Numerous cases reflect extreme poverty. “We found a scenario where a pregnant woman was said to have stolen cassava, and she was there awaiting trial for almost four years,” said Justice Bello. “It’s lamentable.” Shortly after arriving in prison, the woman miscarried.
He worries about the damage prisons inflicted on defendants behind bars. “To be in prison is a very dangerous thing. Some of them have attained some level of mental deterioration because of the horrendous nature of the environment they live in,” he said.
The judge seems to be trying to activate the justice system by shaking its conscience rather than by devising a new judgment – the usual tactic for activist judges. He invites officials who have unresolved cases to prison to face defendants, and account for what went wrong. By admonishing lax lawyers and judges he turns turns lapses which previously went unnoticed into a source of personal and professional shame.
“The visits do try to restore fairness, in the sense that they acknowledge that lapses in the administration of justice have resulted in the loss of freedom,” said Melissa Omene, a lawyer who has worked across government and civil society justice reform efforts.
“Addressing a practitioner’s failure to carry out his duty requires more than simply calling on him to do so. Did he fail to act due to a lack of interest or resources? Did he fail to act for political reasons, or fear? Each of these will require a different reform strategy.”
Justice officials need to be able to see into their own systems in order to detect and manage problems. To do that, they need better data. A quieter but potentially transformative piece of the committee’s work is the rollout of a federal prison (now corrections) information management system (Cims) as part of its wider efforts to establish a national criminal justice database.
Cims has been partially implementing in 16 states, but only one prison is making full use of the platform. It features an early warning system that alerts the attorney general if an inmate stays on remand beyond 90 days, and allows officials to identify and hold to account officials and departments that cause unreasonable delays.
If well managed, Cims could regulate some of the chaos that currently governs the lives of inmates. At the very least, digital records will make it harder for them to officially disappear. But it’s is only part of the solution. If not backed by political clout and people able to use the data, Cims risks remaining a technical solution to a political problem.

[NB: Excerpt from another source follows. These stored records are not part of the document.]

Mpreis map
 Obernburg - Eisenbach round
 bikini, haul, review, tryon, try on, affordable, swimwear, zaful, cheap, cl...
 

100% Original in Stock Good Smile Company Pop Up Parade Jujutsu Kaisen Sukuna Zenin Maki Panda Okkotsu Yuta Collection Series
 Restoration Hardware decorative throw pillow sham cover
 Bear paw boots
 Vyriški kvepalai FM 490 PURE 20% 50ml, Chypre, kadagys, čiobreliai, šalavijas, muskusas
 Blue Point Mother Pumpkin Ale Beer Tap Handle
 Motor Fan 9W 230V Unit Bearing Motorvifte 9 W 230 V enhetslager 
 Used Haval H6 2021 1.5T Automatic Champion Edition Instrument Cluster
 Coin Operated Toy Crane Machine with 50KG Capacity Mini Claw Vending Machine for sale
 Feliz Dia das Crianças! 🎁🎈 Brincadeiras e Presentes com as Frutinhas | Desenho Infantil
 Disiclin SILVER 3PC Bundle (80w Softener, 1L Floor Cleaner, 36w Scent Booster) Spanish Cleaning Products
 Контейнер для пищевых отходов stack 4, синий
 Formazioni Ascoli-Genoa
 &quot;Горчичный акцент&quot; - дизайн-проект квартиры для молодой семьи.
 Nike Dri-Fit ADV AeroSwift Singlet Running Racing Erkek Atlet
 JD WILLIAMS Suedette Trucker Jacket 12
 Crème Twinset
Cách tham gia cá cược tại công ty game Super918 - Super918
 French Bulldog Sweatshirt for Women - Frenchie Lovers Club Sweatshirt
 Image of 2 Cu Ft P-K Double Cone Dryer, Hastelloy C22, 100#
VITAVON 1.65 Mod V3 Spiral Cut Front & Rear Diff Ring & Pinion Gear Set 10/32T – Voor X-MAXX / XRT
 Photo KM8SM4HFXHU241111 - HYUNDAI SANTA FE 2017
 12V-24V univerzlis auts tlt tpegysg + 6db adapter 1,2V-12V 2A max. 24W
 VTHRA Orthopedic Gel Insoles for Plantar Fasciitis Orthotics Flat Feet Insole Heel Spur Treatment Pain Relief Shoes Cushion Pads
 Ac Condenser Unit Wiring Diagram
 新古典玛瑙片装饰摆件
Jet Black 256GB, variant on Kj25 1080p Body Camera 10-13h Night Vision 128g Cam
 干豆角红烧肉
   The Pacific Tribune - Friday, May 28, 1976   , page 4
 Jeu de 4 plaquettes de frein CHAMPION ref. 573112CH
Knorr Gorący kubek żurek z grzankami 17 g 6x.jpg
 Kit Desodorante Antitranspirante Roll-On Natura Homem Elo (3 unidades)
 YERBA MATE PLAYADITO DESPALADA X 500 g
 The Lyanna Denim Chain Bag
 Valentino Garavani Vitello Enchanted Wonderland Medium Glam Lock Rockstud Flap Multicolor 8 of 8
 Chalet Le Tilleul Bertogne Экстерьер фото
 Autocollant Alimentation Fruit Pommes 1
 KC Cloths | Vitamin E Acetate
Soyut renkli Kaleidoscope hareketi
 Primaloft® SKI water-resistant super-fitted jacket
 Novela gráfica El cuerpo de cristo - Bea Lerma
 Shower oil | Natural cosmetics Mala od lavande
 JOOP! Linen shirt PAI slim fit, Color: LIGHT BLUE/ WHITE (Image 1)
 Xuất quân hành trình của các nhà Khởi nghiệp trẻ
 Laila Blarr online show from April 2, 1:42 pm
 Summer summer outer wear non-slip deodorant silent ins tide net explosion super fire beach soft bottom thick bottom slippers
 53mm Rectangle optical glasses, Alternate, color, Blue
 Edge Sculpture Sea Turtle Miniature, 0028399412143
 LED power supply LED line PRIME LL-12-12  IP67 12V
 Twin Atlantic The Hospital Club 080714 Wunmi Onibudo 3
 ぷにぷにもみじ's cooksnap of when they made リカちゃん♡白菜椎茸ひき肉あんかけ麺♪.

Nigeria’s justice system has been the subject of numerous reform efforts over the past two decades. Committees have been formed, new laws passed, presidents come and go, and people like Chukwudi continue to lose years of their lives to a system that cannot or fails to detect those who fall through its cracks.
Despite Chukwudi’s ordeal and everything he’s lost, when he compares himself with other former inmates, he still considers himself one of the lucky ones. Every Sunday morning his congregation files into the little church he has coaxed to life. The room fills with people, music and choruses of prayer, and it makes him feel a part of something holy.